§ Provided data
===
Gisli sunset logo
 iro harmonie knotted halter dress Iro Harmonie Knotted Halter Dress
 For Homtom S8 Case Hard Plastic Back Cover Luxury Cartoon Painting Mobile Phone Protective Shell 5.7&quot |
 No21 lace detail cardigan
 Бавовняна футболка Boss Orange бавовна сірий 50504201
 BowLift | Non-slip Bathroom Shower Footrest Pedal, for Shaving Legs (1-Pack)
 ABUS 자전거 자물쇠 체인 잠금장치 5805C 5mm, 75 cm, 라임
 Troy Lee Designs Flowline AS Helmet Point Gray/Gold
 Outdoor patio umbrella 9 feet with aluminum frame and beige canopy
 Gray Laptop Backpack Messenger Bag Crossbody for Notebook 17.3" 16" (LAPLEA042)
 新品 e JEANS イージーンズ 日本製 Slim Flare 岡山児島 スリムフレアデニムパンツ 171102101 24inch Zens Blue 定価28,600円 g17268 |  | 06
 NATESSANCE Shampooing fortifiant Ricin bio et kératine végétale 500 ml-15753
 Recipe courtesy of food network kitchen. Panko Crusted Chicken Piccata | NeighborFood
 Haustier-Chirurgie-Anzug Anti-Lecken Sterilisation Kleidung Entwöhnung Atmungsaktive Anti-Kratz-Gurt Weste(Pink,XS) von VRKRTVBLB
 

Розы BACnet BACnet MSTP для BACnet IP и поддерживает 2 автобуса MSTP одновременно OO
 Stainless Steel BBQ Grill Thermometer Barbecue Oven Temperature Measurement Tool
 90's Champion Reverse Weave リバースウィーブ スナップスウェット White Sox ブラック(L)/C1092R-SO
===
§ About this exercise
Print exactly the line containing "Бавовняна футболка Boss" and every line after it through the end of the records above, and nothing else.

§ Answer section
 Бавовняна футболка Boss Orange бавовна сірий 50504201
 BowLift | Non-slip Bathroom Shower Footrest Pedal, for Shaving Legs (1-Pack)
 ABUS 자전거 자물쇠 체인 잠금장치 5805C 5mm, 75 cm, 라임
 Troy Lee Designs Flowline AS Helmet Point Gray/Gold
 Outdoor patio umbrella 9 feet with aluminum frame and beige canopy
 Gray Laptop Backpack Messenger Bag Crossbody for Notebook 17.3" 16" (LAPLEA042)
 新品 e JEANS イージーンズ 日本製 Slim Flare 岡山児島 スリムフレアデニムパンツ 171102101 24inch Zens Blue 定価28,600円 g17268 |  | 06
 NATESSANCE Shampooing fortifiant Ricin bio et kératine végétale 500 ml-15753
 Recipe courtesy of food network kitchen. Panko Crusted Chicken Piccata | NeighborFood
 Haustier-Chirurgie-Anzug Anti-Lecken Sterilisation Kleidung Entwöhnung Atmungsaktive Anti-Kratz-Gurt Weste(Pink,XS) von VRKRTVBLB
 

Розы BACnet BACnet MSTP для BACnet IP и поддерживает 2 автобуса MSTP одновременно OO
 Stainless Steel BBQ Grill Thermometer Barbecue Oven Temperature Measurement Tool
 90's Champion Reverse Weave リバースウィーブ スナップスウェット White Sox ブラック(L)/C1092R-SO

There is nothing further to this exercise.